Суть в том, что команда «Динамо» была ведомственной командой МВД, в силу чего почти все ее участники поселялись в соответствующем доме. Такое соседство давало нам, подросткам, неслыханные преимущества перед другими сверстниками. Во-первых, нас заставляло раздуваться от гордости само осознание того, что мы, так сказать, приближены к спортивным звездам самого высшего ранга. Во-вторых, был еще чисто бытовой аспект. Как и все мальчишки во все времена, мы мнили себя большими модниками. И если на горизонте появлялась какая-то, к примеру, музыкальная новинка, заполучить мы ее пытались любой ценой. К таким раритетам относились прежде всего джазовые американские пластинки — товар в те времена совершенно уникальный.
Так вот, дядя Валя Кузин, как мы его называли, привозил из-за рубежа эти самые пластинки, благодаря которым мы и приобщались ко всем тонкостям буги-вуги и только-только появившегося рок-н-ролла. Дядя Валя охотно давал нам их прослушивать, и не просто на каком-нибудь патефоне, а через адаптер на настоящей радиоле, какая находилась на квартире у моего приятеля-соседа Сашки. Радиола давала такую большую мощность, что мы ставили ее на подоконник, распахивали окно и оглашали весь наш двор «импортными» воплями типа «Во Стамбуле, Константинополе». А незабвенная, пронзающая сердце мелодия «Бэсамэ, бэсамэ мучо»?

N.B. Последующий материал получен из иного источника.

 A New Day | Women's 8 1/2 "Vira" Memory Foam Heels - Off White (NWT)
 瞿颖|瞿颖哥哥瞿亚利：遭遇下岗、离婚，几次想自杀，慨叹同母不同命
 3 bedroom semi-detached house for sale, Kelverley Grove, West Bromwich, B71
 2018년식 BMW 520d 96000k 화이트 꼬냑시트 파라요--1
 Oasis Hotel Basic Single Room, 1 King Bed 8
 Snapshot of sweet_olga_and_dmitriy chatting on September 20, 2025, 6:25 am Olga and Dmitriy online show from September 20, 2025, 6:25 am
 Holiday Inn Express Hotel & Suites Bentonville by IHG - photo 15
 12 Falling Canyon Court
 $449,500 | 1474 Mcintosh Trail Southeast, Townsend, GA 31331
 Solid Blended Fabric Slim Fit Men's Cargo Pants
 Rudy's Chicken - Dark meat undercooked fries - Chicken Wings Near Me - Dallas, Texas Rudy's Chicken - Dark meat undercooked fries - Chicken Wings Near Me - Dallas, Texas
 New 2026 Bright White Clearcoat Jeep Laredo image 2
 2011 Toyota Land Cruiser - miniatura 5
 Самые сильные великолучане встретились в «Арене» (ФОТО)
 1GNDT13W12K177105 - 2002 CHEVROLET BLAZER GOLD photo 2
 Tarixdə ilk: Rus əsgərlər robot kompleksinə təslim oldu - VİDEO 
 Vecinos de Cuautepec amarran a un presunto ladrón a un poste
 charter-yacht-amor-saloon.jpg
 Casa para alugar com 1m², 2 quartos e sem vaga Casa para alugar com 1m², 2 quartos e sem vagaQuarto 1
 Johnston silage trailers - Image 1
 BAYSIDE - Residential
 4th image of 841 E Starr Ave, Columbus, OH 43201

А дворик-то не маленький, двадцать три подъезда, огромное количество мальчишек… Посреди него стояли лавки, на которых мужики, что ни вечер, резались в домино. А так как в то время повсеместно гремела песня «Парень в кепке и зуб золотой», верхом дворового шика считалось иметь фиксу. Ну, золотую мы себе позволить не могли и обходились, так сказать, подручными средствами. Делалось это так. Берешь медную монетку и начинаешь стачивать ее о камень до тех пор, пока она не станет тонкой, как фольга. Потом обрезаешь у нее края и обертываешь ею зуб. Эффект — сногсшибательный! Особенно если к этому добавить кепочку-восьмиклиночку, широченные штаны и башмаки на белой микропорке.